Loki is taken to Time Theatre 25. Journey Into Mystery Issue #25 features a storyline about a man having his memory erased by aliens.
Sylvie is held in Time Theatre 47, which could be related to a couple of comics. What If #47 is titled: “What If Loki Had Found Thor’s Hammer First?” And Thor #47 is a story about a variant female Thor with the powers of Enchantress.
That you Blade?
Mobius name drops some of the races he has processed, which include Kree, Titans and Vampires. We know that the Kree are the warrior race that included Ronan the Accuser, and Titans are the people of Thanos’ home planet, Titan. Vampires are set to make their first appearance in the MCU in Mahershala Ali’s Blade. In the Marvel Universe, vampires are created by black magic from The Darkhold, the book we saw in WandaVision.
When we finally meet the Time Keepers, their looks are comics accurate, something Marvel seems to be working into each project as much as possible.
The Wizard of Oz
The climax of the episode takes place in the temple of the Time Keepers, as Loki and Sylvie are finally brought in front of the supposed space-lizards. After a big battle, Sylvie ends up decapitating one of the Time Keepers, except it turns out to be an android, meaning the Time Keepers probably don’t exist and someone else is behind the TVA. The Time Keepers being androids made me think back to Sam Wilson listing androids as one of the “big three” they always have to fight.
Ravonna stabs Loki in the back, killing him; it is the same way Loki kills Coulson in The Avengers.
Mid credits are back
In the series’ first mid-credits scene, we find Loki waking up wondering if he’s in Hel – The subtitles confirmed hel with one L, so this is a reference to the realm that was ruled by Loki’s older sister, Hela. As Loki asks if he’s dead, the distinctive voice that answers him was that of Richard E Grant. The scene then cuts to reveal that our Loki is being stared down by four new Loki variants. But who or what do they represent?
Grant is seen as ‘Classic Loki,’ wearing his classic yellow and green costume drawn by Jack Kirby. It looks exactly like the one seen in his first appearance in Journey into Mystery #85. We can assume this Loki is from the 616 universe, which is the main universe in the Marvel comics.
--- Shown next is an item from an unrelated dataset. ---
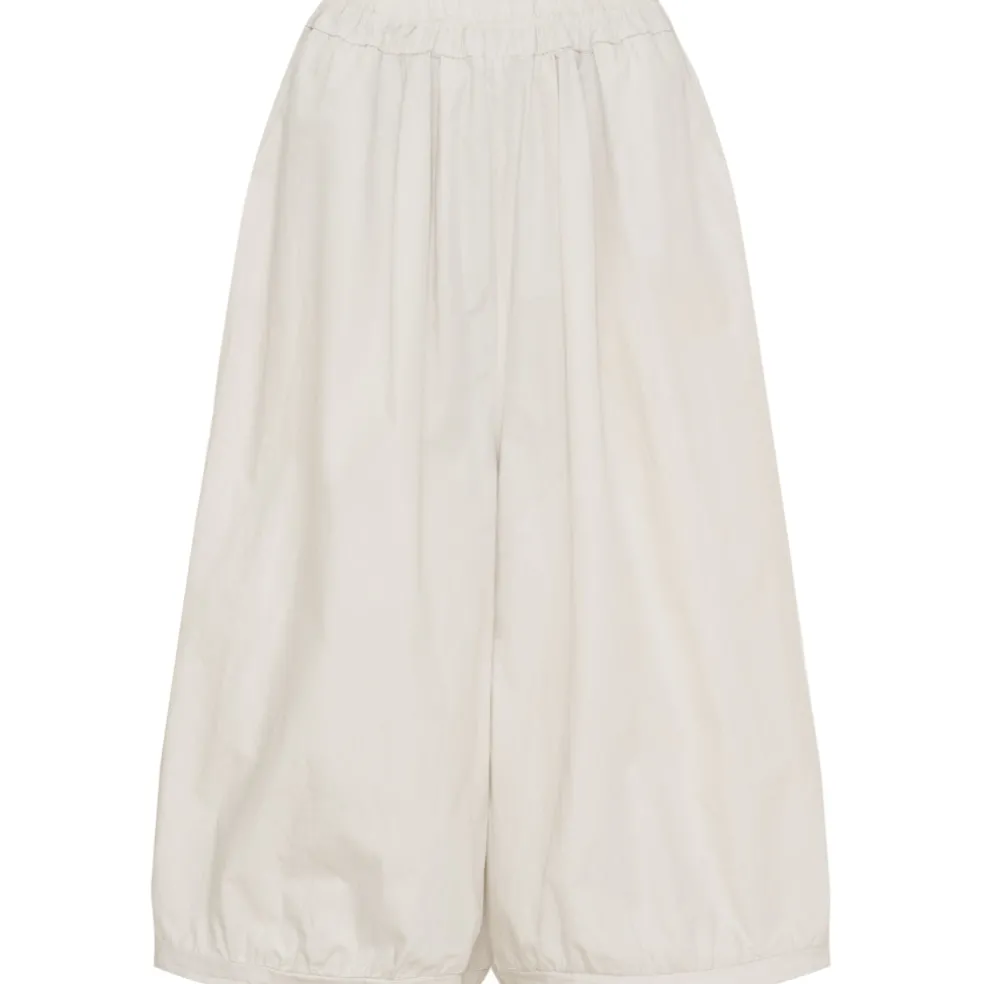 Marta du Chateau dame bukser MdcRigmor 256243 - Sabbia4155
Jack Veal appears as Kid Loki, who first appeared in Thor #617, in which Loki died fighting alongside Thor and the Avengers; it was one of his rare moments of heroism. Before his death, Loki tricked Hela into removing his name from the Book of Hel. This meant that after his death, he was reborn as a much younger version of himself. For the most part, this version of Loki was good, and they became a member of the Young Avengers.
Kid Loki is seen holding what looks like an alligator, but look closely, and you can see it is wearing Loki horns, meaning this is another Loki variant. This may seem odd, even for Loki, but he has a history of transforming into animals. He famously became a female horse in Norse Mythology, so perhaps there was a time when Loki transformed into an alligator and got stuck. Gator Loki is could also be a nod to the time he famously turned Thor into a frog.
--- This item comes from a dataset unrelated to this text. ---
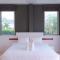 Hideaway Pool Villa S126 - Suan Son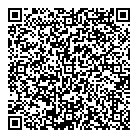 QR код "Блисс"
Finally, on the far left is Deobai Oparei, listed in the credits as “Boastful Loki” He is seen holding what looks like a variant of Thor’s hammer, Mjölnir. Although there is no Boastful Loki in the comics, there is a storyline where Mjölnir ends up in Jotunheim, which is ruled by Loki, who briefly lifts his brother’s hammer.
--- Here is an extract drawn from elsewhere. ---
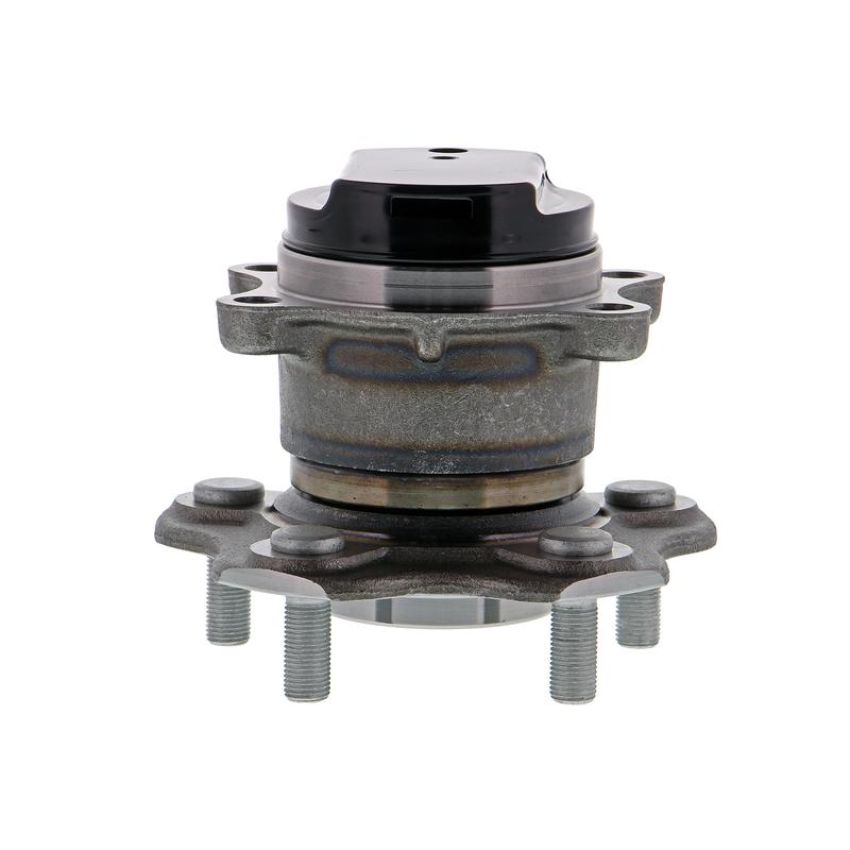 MEVOTECH MB30325 Wheel Bearing and Hub Assembly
In the scene’s background with the 4 Loki variants, we can see a derelict Avengers tower.
I’ll take that drink now
After the post-credits scene, the song is “I’ll Take That Drink Now” by Alan Silvestri, which is from when the Avengers apprehended Loki in The Avengers. Loki’s POV is also identical to his one during the same scene in The Avengers, with the Loki’s / Avengers staring down at him.
So, thats everything that we spotted in episode 4 of Loki, is there anything we missed?